= THE PROBLEM =
Will you extract the entries word for word? Images should not appear in the copy.

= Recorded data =
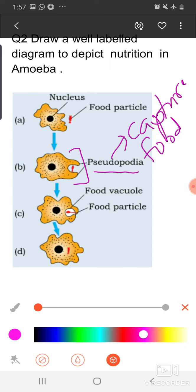Pseudo means false and podia means foot. When food particles come in the path of the amoeba, pseudopodia first moves in that direction to capture the food items. It completely surrounds the food particles and after that a food vacuole is formed. With the help of digestive juices secreted inside their body, the food is digested, and the digested food is further absorbed into their body.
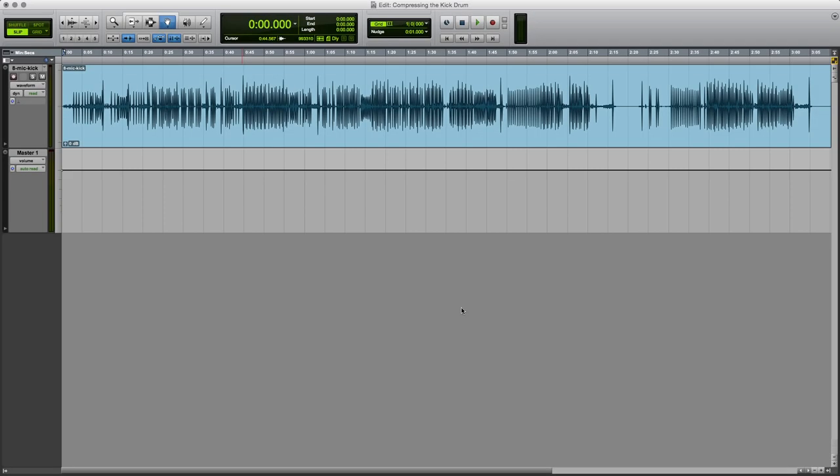I'm David Mellor, Course Director of Audio Masterclass. If you want to improve the standard of your work in your home recording studio, you might be interested in our Music Production and Sound Engineering course, which you can check out at audiomasterclass.com.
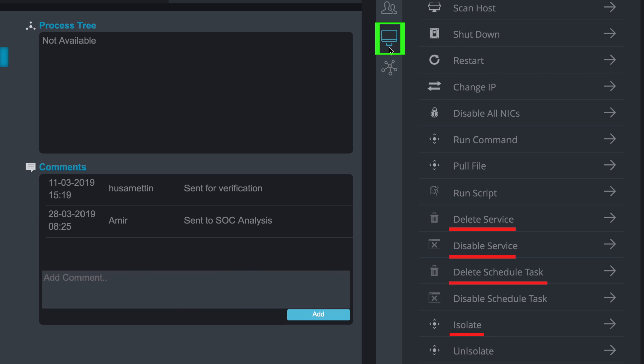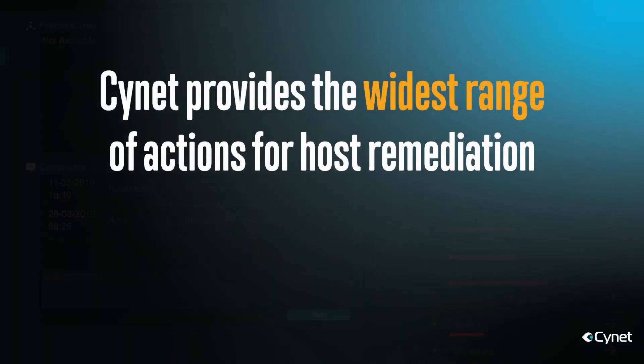In addition, you can also run a script on the host. Signit provides the widest range of actions for host remediation.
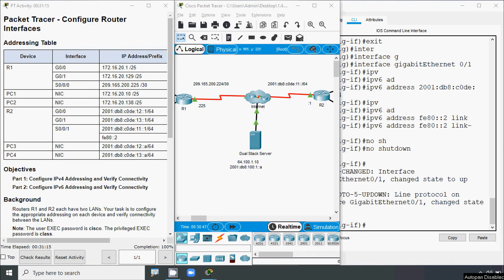In this video we discussed CCNA version 7 Packet Tracer activity: configure router interfaces. Now dear friends, if you have any doubts or suggestions, please comment below. Also, if you like our video, give a thumbs up and share with all your friends. Don't forget to visit our website. Stay tuned and we will meet again with the next video. Thank you.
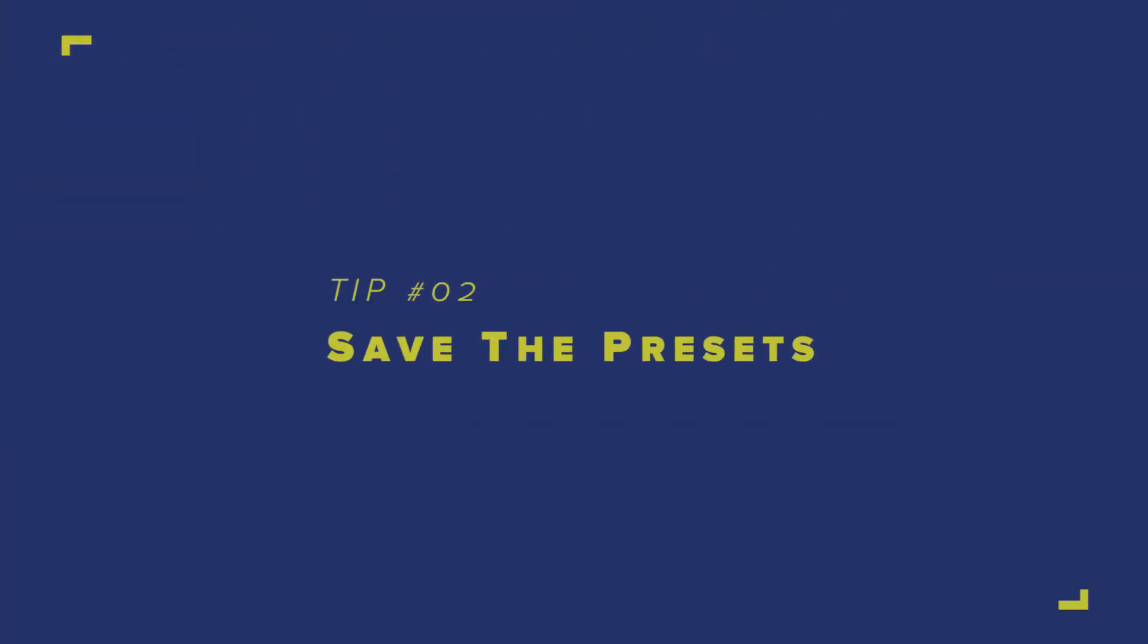Tip number two: save the presets. This tip will help you when you have a certain sound that you really like in the template and you would like to incorporate that into your own projects and your own style of music.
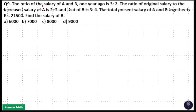The ratio of salary of A and B one year ago is 3:2. The ratio of original salary to the increased salary of A is 2:3, and that of B is 3:4. The total present salary of A and B together is 21,500. Find the salary of B.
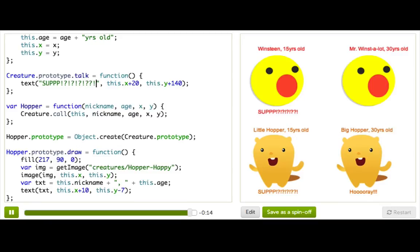For example, maybe you have a game and you have many types of characters, and all of them can run but only some of them can jump. That's a perfect place for some object types and some inheritance. But I bet you can think of tons more ways as well.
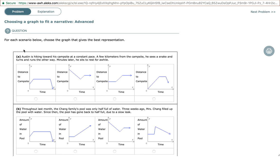So let's read the description. Austin is hiking toward his campsite at a constant pace. Do not be confused or misled by 'constant' — the focus here is that Austin is hiking toward his campsite. So which graph shows moving to the campsite? In this case, we actually only have one option. The second graph is the only graph that starts moving towards the campsite. Now let's make sure the rest of the graph actually fits the story before we jump to conclusions.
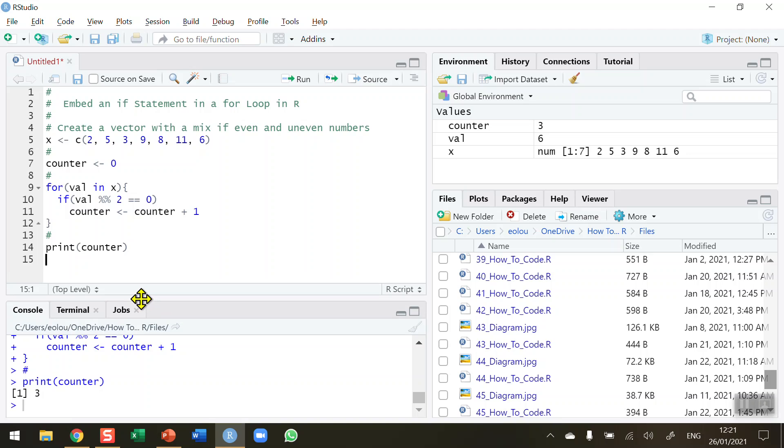So that's how you embed an if statement in a for loop in R. I hope you found this video useful — thank you for your attention.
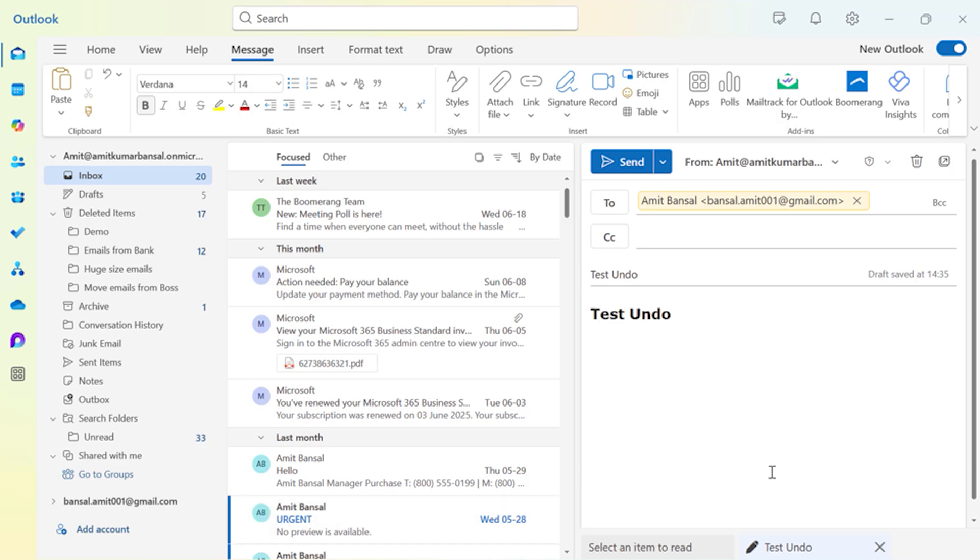So that way I can use this feature and correct my mistakes if any. This is my video 8 of my 100 day Outlook challenge. I also have a keyboard shortcut cheat sheet for you which you can get from my description section. See you tomorrow.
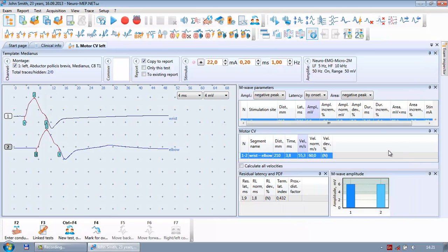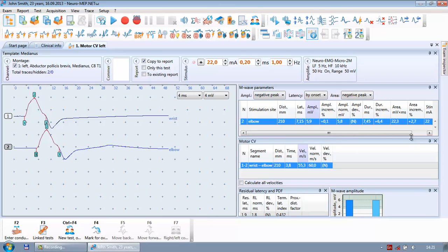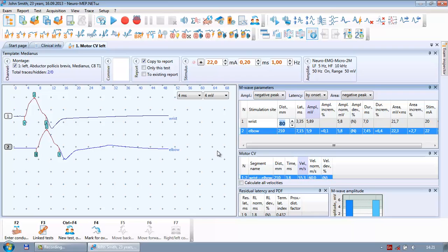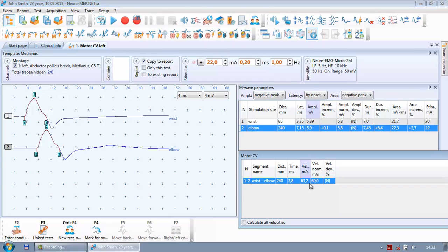Now with two curves it is time to enter distances. I press F2 and the software is ready to accept the first distance — measured between the recording electrode and the stimulating electrode, between the minus contacts. For this patient it is 85 mm. I press F2 a second time and the software is ready for the second distance, which for this patient is 240 mm. The software then automatically calculates the conduction velocity, which is 63 m/s — slightly above normal, meaning velocity is okay for the medianus of this patient.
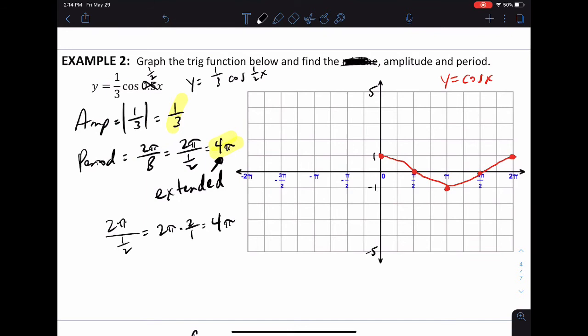The next graph is y = ⅓cos(½x). The amplitude is one third. The period is now 4π — not 2π — so one full cycle will extend all the way to 4π. The parent graph in red stops at 2π; this graph takes longer to finish one cycle. It has the same shape as the red graph but is extended.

= TASK SOLUTION =
Pseudo means false and podia means foot. When food particles come in the path of the amoeba, pseudopodia first moves in that direction to capture the food items. It completely surrounds the food particles and after that a food vacuole is formed. With the help of digestive juices secreted inside their body, the food is digested, and the digested food is further absorbed into their body.
I'm David Mellor, Course Director of Audio Masterclass. If you want to improve the standard of your work in your home recording studio, you might be interested in our Music Production and Sound Engineering course, which you can check out at audiomasterclass.com.
In addition, you can also run a script on the host. Signit provides the widest range of actions for host remediation.
In this video we discussed CCNA version 7 Packet Tracer activity: configure router interfaces. Now dear friends, if you have any doubts or suggestions, please comment below. Also, if you like our video, give a thumbs up and share with all your friends. Don't forget to visit our website. Stay tuned and we will meet again with the next video. Thank you.
Tip number two: save the presets. This tip will help you when you have a certain sound that you really like in the template and you would like to incorporate that into your own projects and your own style of music.
The ratio of salary of A and B one year ago is 3:2. The ratio of original salary to the increased salary of A is 2:3, and that of B is 3:4. The total present salary of A and B together is 21,500. Find the salary of B.
For example, maybe you have a game and you have many types of characters, and all of them can run but only some of them can jump. That's a perfect place for some object types and some inheritance. But I bet you can think of tons more ways as well.
So let's read the description. Austin is hiking toward his campsite at a constant pace. Do not be confused or misled by 'constant' — the focus here is that Austin is hiking toward his campsite. So which graph shows moving to the campsite? In this case, we actually only have one option. The second graph is the only graph that starts moving towards the campsite. Now let's make sure the rest of the graph actually fits the story before we jump to conclusions.
So that's how you embed an if statement in a for loop in R. I hope you found this video useful — thank you for your attention.
So that way I can use this feature and correct my mistakes if any. This is my video 8 of my 100 day Outlook challenge. I also have a keyboard shortcut cheat sheet for you which you can get from my description section. See you tomorrow.
Now with two curves it is time to enter distances. I press F2 and the software is ready to accept the first distance — measured between the recording electrode and the stimulating electrode, between the minus contacts. For this patient it is 85 mm. I press F2 a second time and the software is ready for the second distance, which for this patient is 240 mm. The software then automatically calculates the conduction velocity, which is 63 m/s — slightly above normal, meaning velocity is okay for the medianus of this patient.
The next graph is y = ⅓cos(½x). The amplitude is one third. The period is now 4π — not 2π — so one full cycle will extend all the way to 4π. The parent graph in red stops at 2π; this graph takes longer to finish one cycle. It has the same shape as the red graph but is extended.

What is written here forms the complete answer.